Given records:
-*-
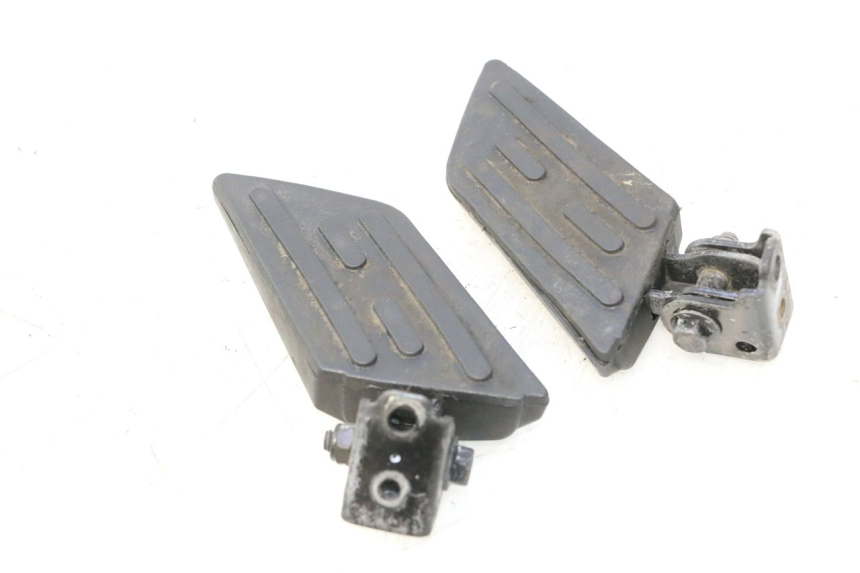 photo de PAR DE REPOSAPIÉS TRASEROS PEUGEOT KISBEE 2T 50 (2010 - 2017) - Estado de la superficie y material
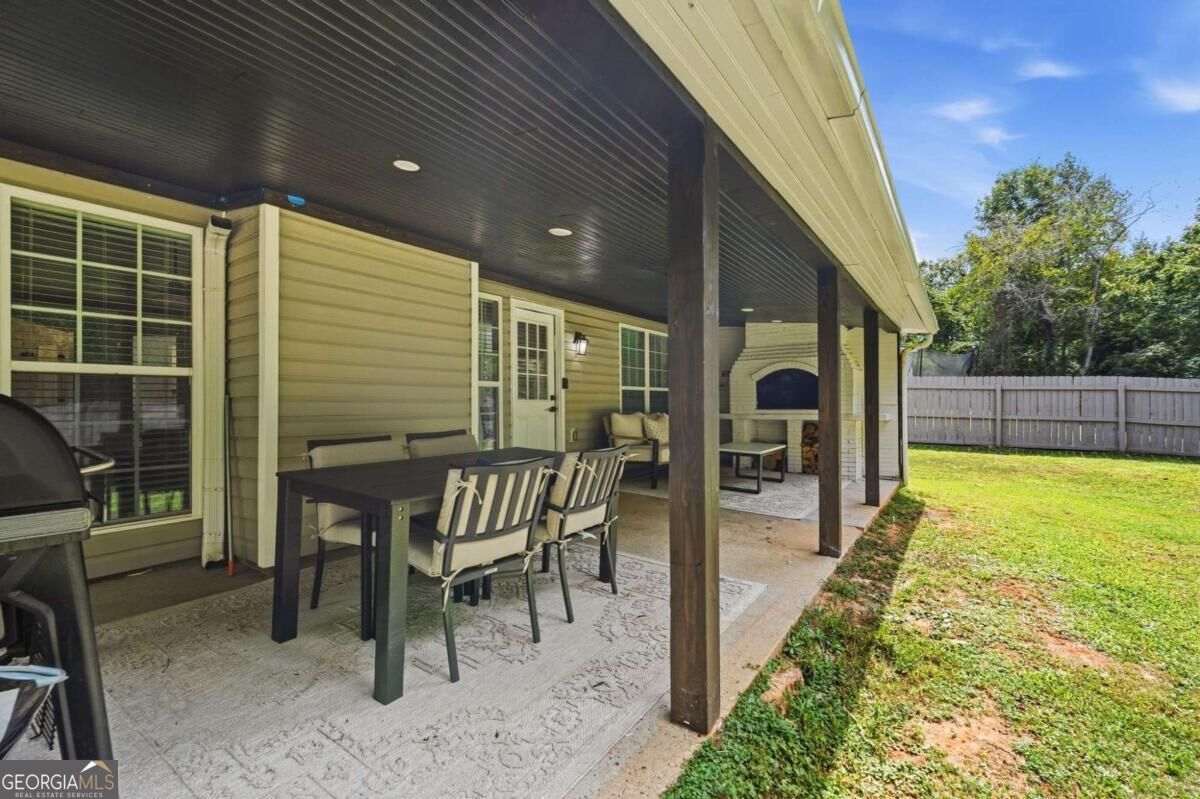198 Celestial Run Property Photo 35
-*-
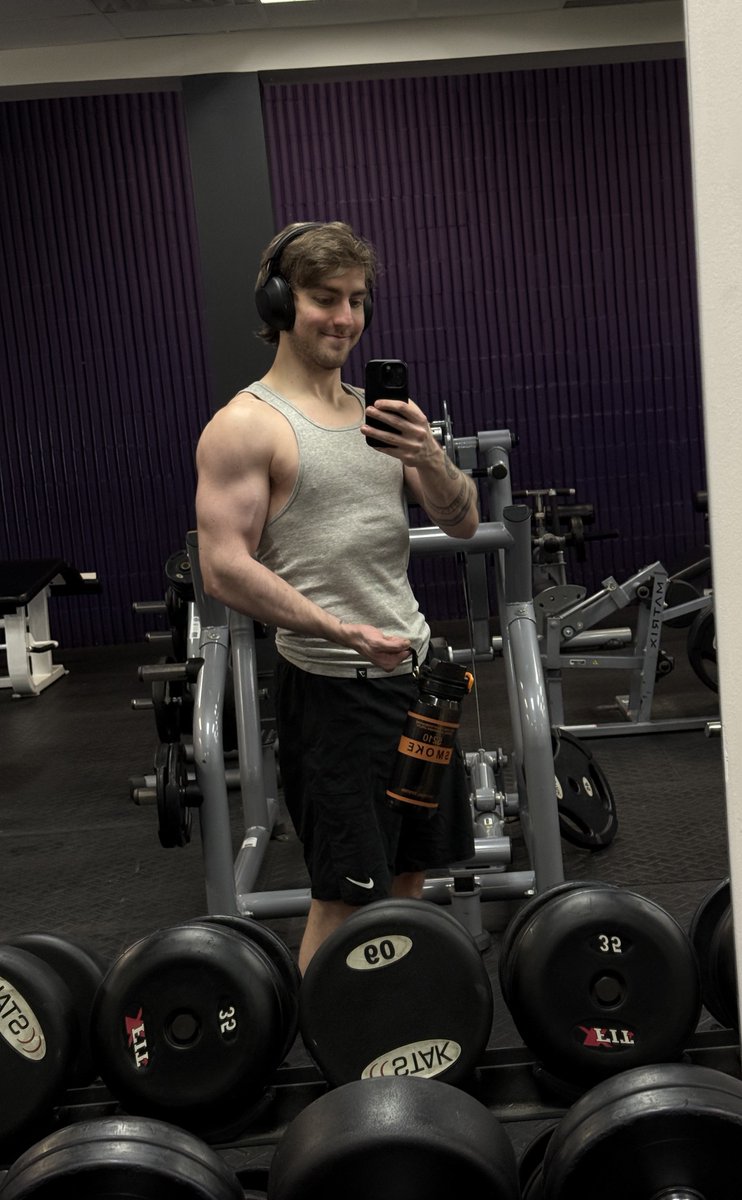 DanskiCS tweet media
-*-
Brief: Only the lines starting at the one with "photo de PAR" and ending at the one with "198 Celestial Run Property Photo 35" should be printed, each exactly as it appears in the material above; the pictures are to be omitted.

Exercise answer:
 photo de PAR DE REPOSAPIÉS TRASEROS PEUGEOT KISBEE 2T 50 (2010 - 2017) - Estado de la superficie y material
198 Celestial Run Property Photo 35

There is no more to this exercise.